Teresa May’s pay-off of  the Democratic Unionist Party  in Northern Ireland, in return for support for the deeply dovided and non- functional Conservatives in parliament, is not popular anywhere, and there are claims that it is stirring up old anti- Irish prejudices.

One thing I learned when I was doing consulting in Northern Ireland was that there are two Northern Irelands – the businessmen and the educated people, whose attitudes you couldn’t tell apart from their Southern opposite numbers (or anywhere else in Europe) and the people still living in the 17 Century. I also became aware of the chip that a lot of people there have on their shoulders. They think they are looked down upon by Brits, which is not true. There is no anti-Irish feeling left in England, just irritation about the silly amount of money being paid to NI at the expense of the National Health Service and other claimants.

The DUP are opposed to same- sex marriage and abortion and are tied up with the Orange Order, which deliberately provokes Catholics. Ordinary Irish citizens are as impatient with these old divides as are most English people. Indeed, they look forward to an influx of new jobs with companies fleeing a Britain soon (?) to be outside the EU.

Every year the media focus on the Apprentice Boy marches and the bowler hats and the old- fashioned prejudices (on both sides of the religious divide), and this gives NI a bad image, but if there is prejudice it is against the antidiluvian religion, not against the Irish per se. I do think there are a lot of people who, before the NI agreement that Clinton helped get, dearly wished NI could by carved off and floated away to a spot just south of Greenland. But then it was Cromwell and King Billy who caused the problem in the first place, so one somehow has to live with the tribal stuff.

(Provoked by an article by Gen Patterson, Irish Times, 28 June 2017 claiming that the English were becoming anti- Irish again)

 

One Comment

  1. Anti Irish sentiment was fairly common during the Troubles, when the Irish were often viewed as terrorists, similarly to how Muslims are sometimes viewed today. But you’re absolutely right that such feelings have nearly entirely disappeared. I don’t think the DUP deal will result in anti Irish prejudice returning. What it may do is increase ambivalence towards Unionism amongst the younger generation, who already lean to the left generally.

    The DUP have a point when they claim that Northern Irish services are underfunded. The region is the poorest in the UK, so it’s needs are greater.
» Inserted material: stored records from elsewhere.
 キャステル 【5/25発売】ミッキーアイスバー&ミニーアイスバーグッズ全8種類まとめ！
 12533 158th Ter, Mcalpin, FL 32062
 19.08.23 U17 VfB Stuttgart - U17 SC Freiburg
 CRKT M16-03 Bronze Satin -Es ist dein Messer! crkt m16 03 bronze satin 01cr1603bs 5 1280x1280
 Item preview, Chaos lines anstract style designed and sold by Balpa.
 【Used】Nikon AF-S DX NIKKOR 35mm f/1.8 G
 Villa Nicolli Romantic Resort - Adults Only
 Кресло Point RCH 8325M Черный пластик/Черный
But part of the reason why Northern Irish services have declined in quality is that under the Conservatives, government spending relative to GDP has declined everywhere. So it’s a bit rich for the DUP to bemoan austerity in Northern Ireland, only to get into bed with a Conservative Party implementing it everywhere else!

    Moreoever, Northern Ireland’s economy is suffering from being in the UK. If it were in the Irish Republic, it would be more successful, because the Irish Republic is a better governed and more business friendly country than the UK. It also wouldn’t be facing leaving the EU against its will, with the possibility of a hard border, which the DUP supported. If the DUP were honest, they would say that being in the UK is worth any economic cost, because for them, Unionism is an identity and religious issue, not an economic one. They would also ditch any pretence to be fiscally conservative, and openly praise perpetual subsidies from Westminster, as opposed to the true fiscal conservatism of the Irish Republic.